Yan habe darauf gehofft, dass sich Angehörige, die Vorsteher seines Heimatdorfes oder Ärzte um seinen Buben kümmern würden, erklärte die Regierung von Hongan. Nach dem Vorfall wurden der örtliche Vorsitzende der Kommunistischen Partei und der Bürgermeister abgesetzt.

Spätere Medienberichten, unter anderem des britischen „Guardian“, ist zu entnehmen, dass lokale Beamte 2 Mal nach dem Jungen geschaut hätten und ihm etwas zu essen gegeben hätten.

Auch die Tante des Jungen soll sich nur an 2 Tagen um den Jungen gekümmert haben.
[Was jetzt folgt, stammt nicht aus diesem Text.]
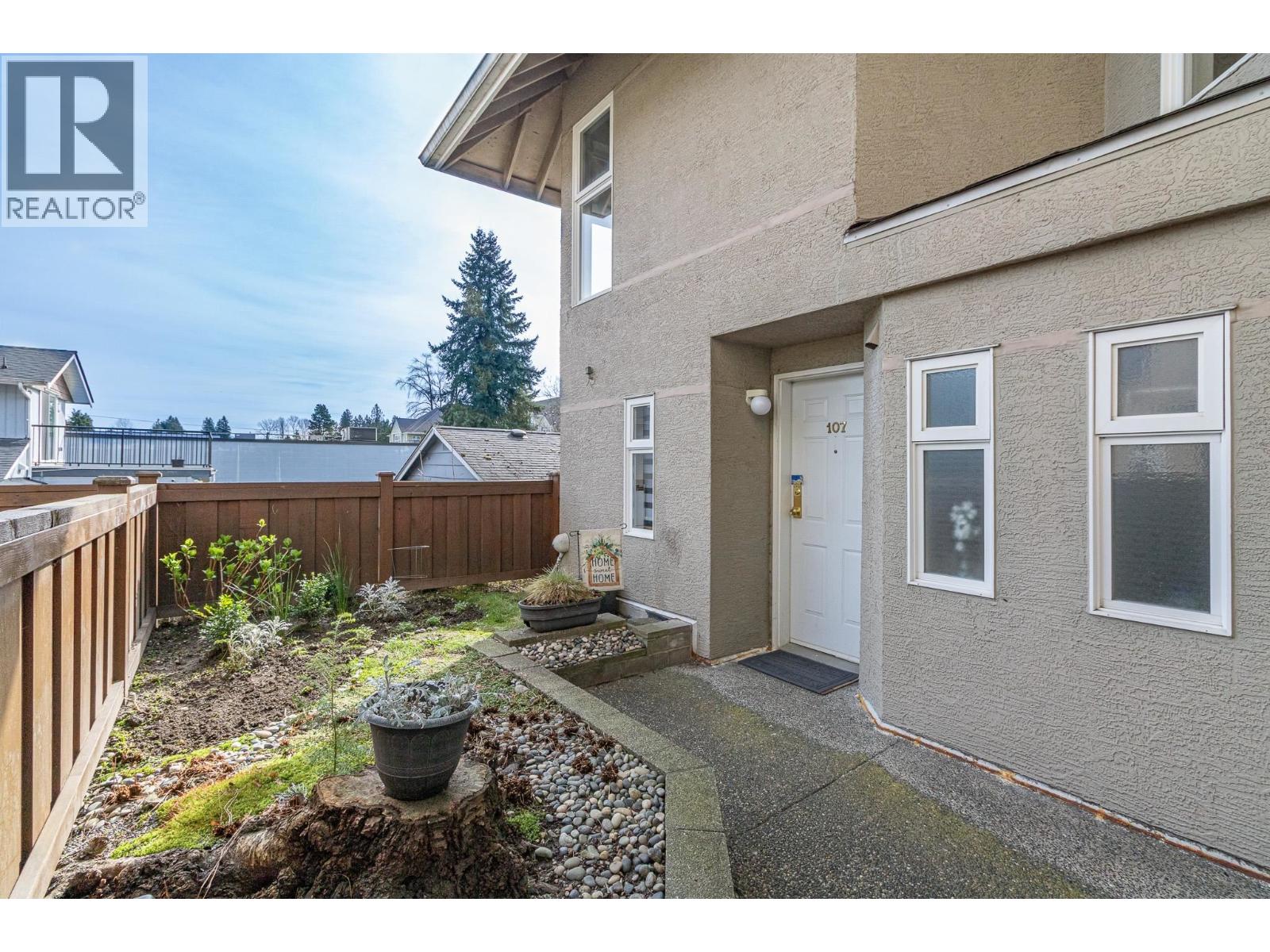 107 1570 Prairie Avenue Property Photo 2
Woran der Jugendliche starb, ist noch nicht geklärt. Dem Vater wurde gestattet, die Quarantäne kurzzeitig zu verlassen, um den Leichnam seines Sohnes zu sehen.

In den Online-Netzwerken brachen sich Wut und Empörung Bahn. „Ich bin so wütend und traurig“, schreib ein Nutzer. „Es ist zu widerlich.“

In Festland-China gibt es nach offiziellen Angaben inzwischen 425 Tote und mehr als 20.000 Kranke durch das Virus. Auch in der chinesischen Sonderverwaltungszone Hongkong wurde mittlerweile ein erster Todesfall gemeldet.